L'algorithme Minimax est destiné aux jeux à deux joueurs à somme nulle (et à information complète) consistant à minimiser la perte maximum (c'est-à-dire dans le pire des cas). Pour une vaste famille de jeux, le théorème du minimax de von Neumann assure l'existence d'un tel algorithme, même si dans la pratique il n'est souvent guère aisé de le trouver. Le jeu de Hex est un exemple où l'existence d'un tel algorithme est établie et montre que le premier joueur peut toujours gagner, sans pour autant que cette stratégie soit connue.

Il amène l'ordinateur à passer en revue toutes les possibilités pour un nombre limité de coups, et à leur assigner une valeur qui prend en compte les bénéfices pour le joueur et pour son adversaire. Le meilleur choix est alors celui qui minimise les pertes du joueur tout en supposant que l'adversaire cherche au contraire à les maximiser (le jeu est à somme nulle).

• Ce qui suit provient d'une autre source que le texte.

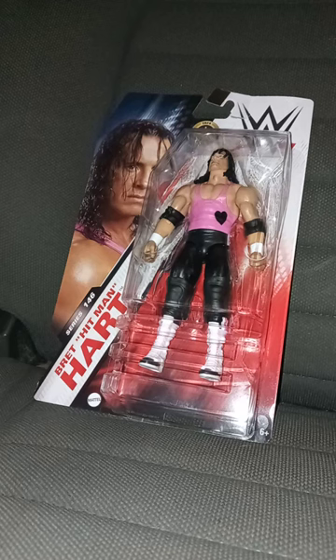All righty guys, this is for June's unboxing, early June's unboxing.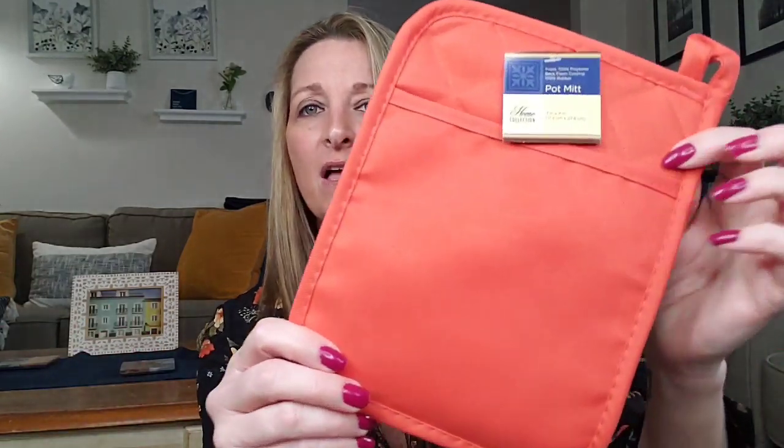They're getting a lot of their summer decor out. If you're not familiar with it, it's like the tiki stuff. And this coral color that they've been carrying is just absolutely beautiful — they have baskets and storage containers and all that good stuff. I went ahead and got the pot mitt. It has a rubber grip, which I love. I also picked it up in the green because green is my favorite color, but I love this coral color.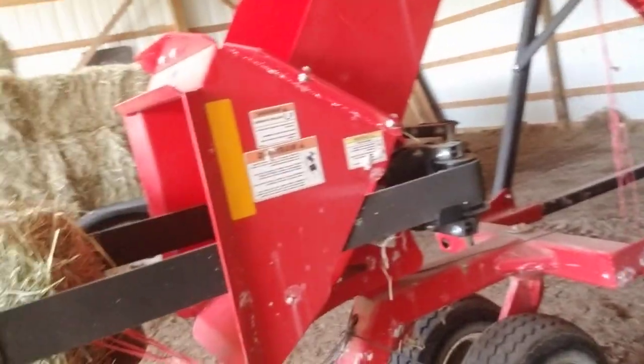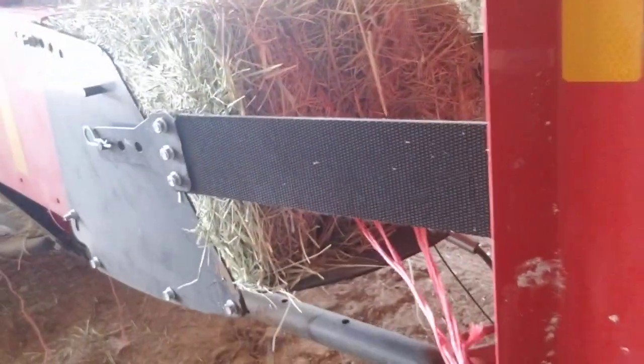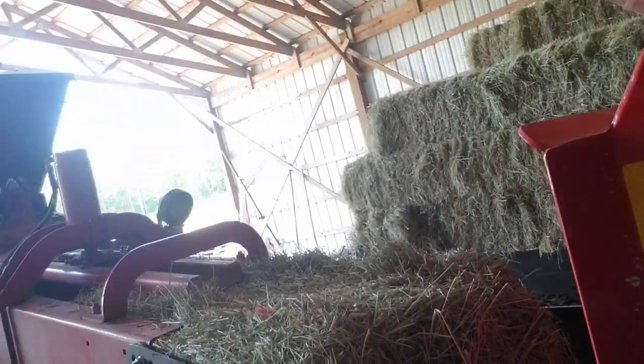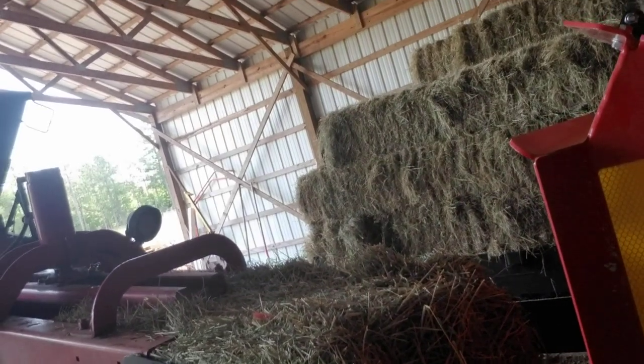That's right, just took some twine, tied it up, hooked my winch to it on my side-by-side, yanked it right out. Now all I gotta do is just reach in there and grab it and pull it on out.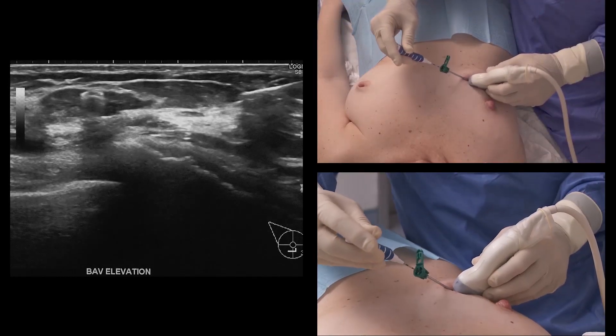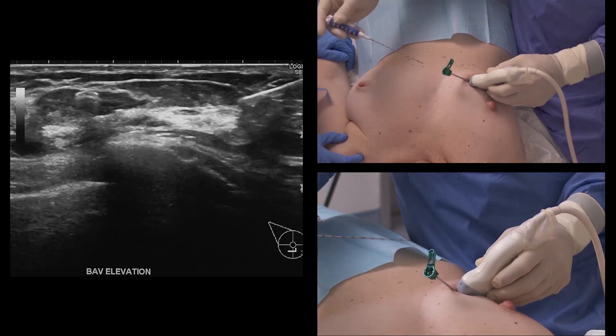After marking, remove both the applicator and the coaxial cannula from the breast.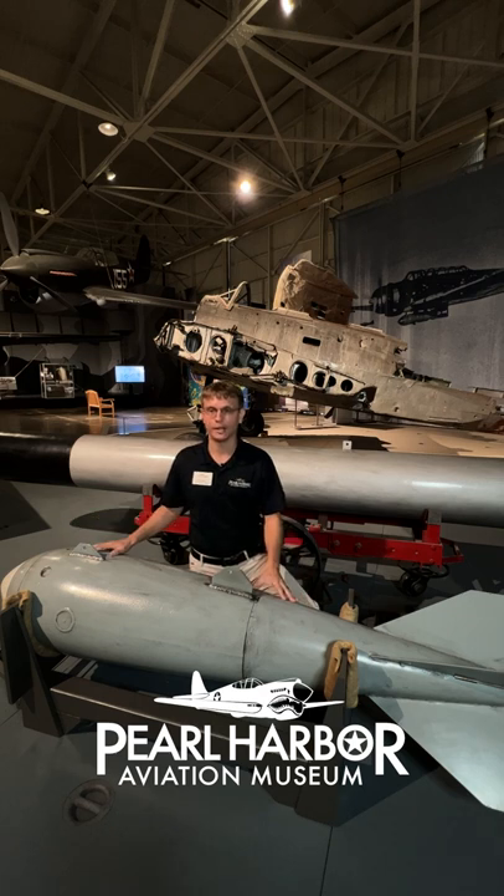Visit us at Pearl Harbor Aviation Museum on historic Ford Island to learn more about the historic air raid, the aircraft involved in the attack, and the stories of the men who flew them.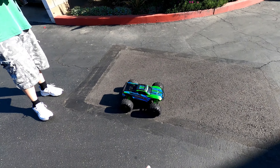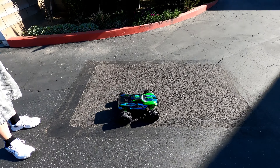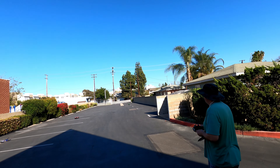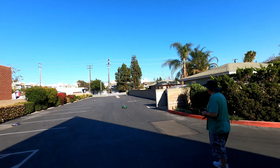So here we got the Traxxas Maxx — he's only about a month old or so. What kind of battery do you have on there? Four cell. It's brushless, four-wheel drive. Sweet. He just got it about a month ago and it's 1/10 scale.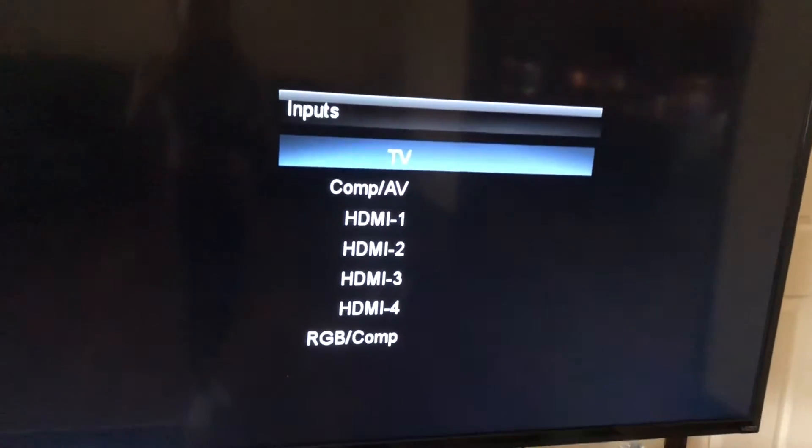I know that it's HDMI 4, because on my TV it says HDMI 4 at the back. So you can see that one says 3, this one literally says 4, way deep in there.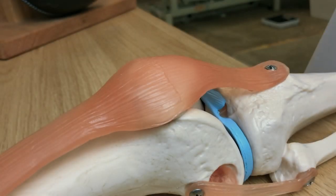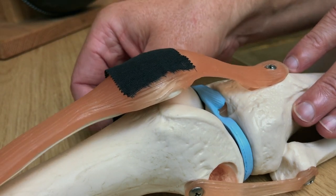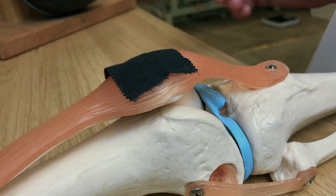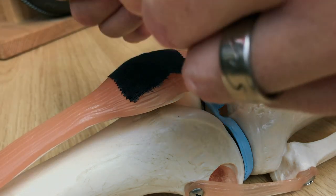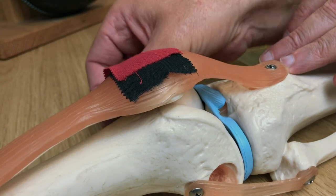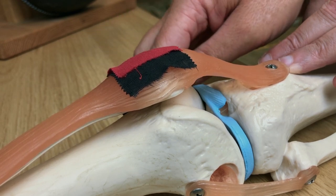Let's have a look at what the three pieces of tape are actually doing to the kneecap, using the model to make it clearer. The first piece of tape applied over the kneecap drags the kneecap medially, and you can see this starts to open up the space between the kneecap and the underlying bone. By starting the second piece of tape halfway across the kneecap, we produce a tilt in the kneecap, and again more space is made underneath.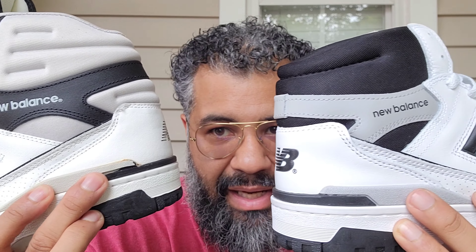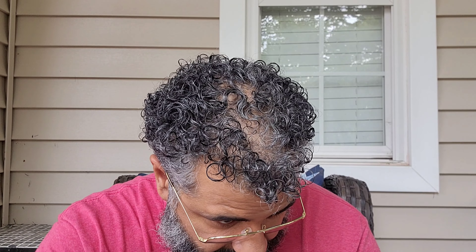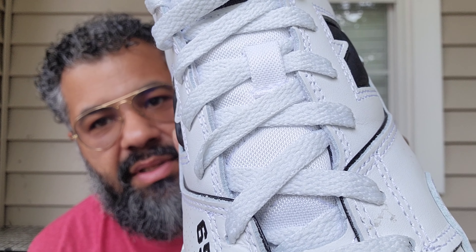The heels are a little different of course — gray on the OG, black on the newer one. Gray hit, gray hit with black in the middle — they look a little different, slightly. The newer one has a different pattern on there. Also the tongue is different: the OG doesn't have the crisscross stitching that the newer one has — it's up-and-down crisscross stitching going on.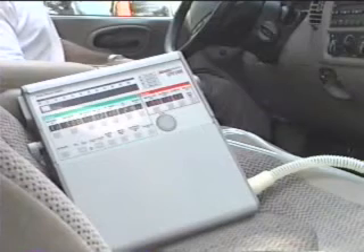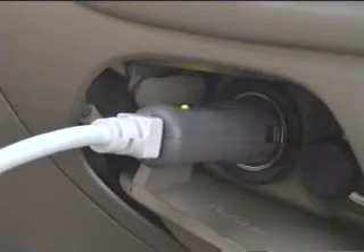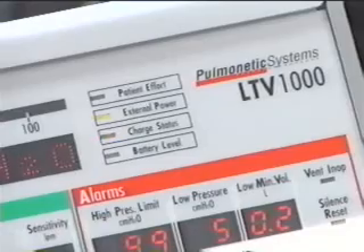To run the ventilator from an auto cigarette lighter, with the ventilator not connected to the outlet, start the automobile. Connect the auto lighter adapter to the cigarette lighter or power outlet on the vehicle. Verify the LED on the adapter shows green. Connect the power connector of the adapter to the power port on the left side of the ventilator. Verify the external power LED shows green or yellow and the charge status LED is lit.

4) Modèles génératifs et discriminants

Désormais, présentons en quoi consistent les modèles génératifs. Tout d’abord, il existe 2 types de modèles : les modèles génératifs et discriminants. Il est essentiel de comprendre que les modèles génératifs et discriminants sont deux approches différentes qui sont largement étudiées dans la tâche de classification.

Le modèle discriminant a pour objectif de discriminer les différentes caractéristiques des données qu’on lui propose. Par exemple, en montrant au modèle un ensemble de tableaux, il devrait pouvoir distinguer les caractéristiques discriminantes de chacun des deux. C’est-à-dire le style, les couleurs, etc., avec, pour objectif final, de savoir si le tableau provient d'un artiste ou non.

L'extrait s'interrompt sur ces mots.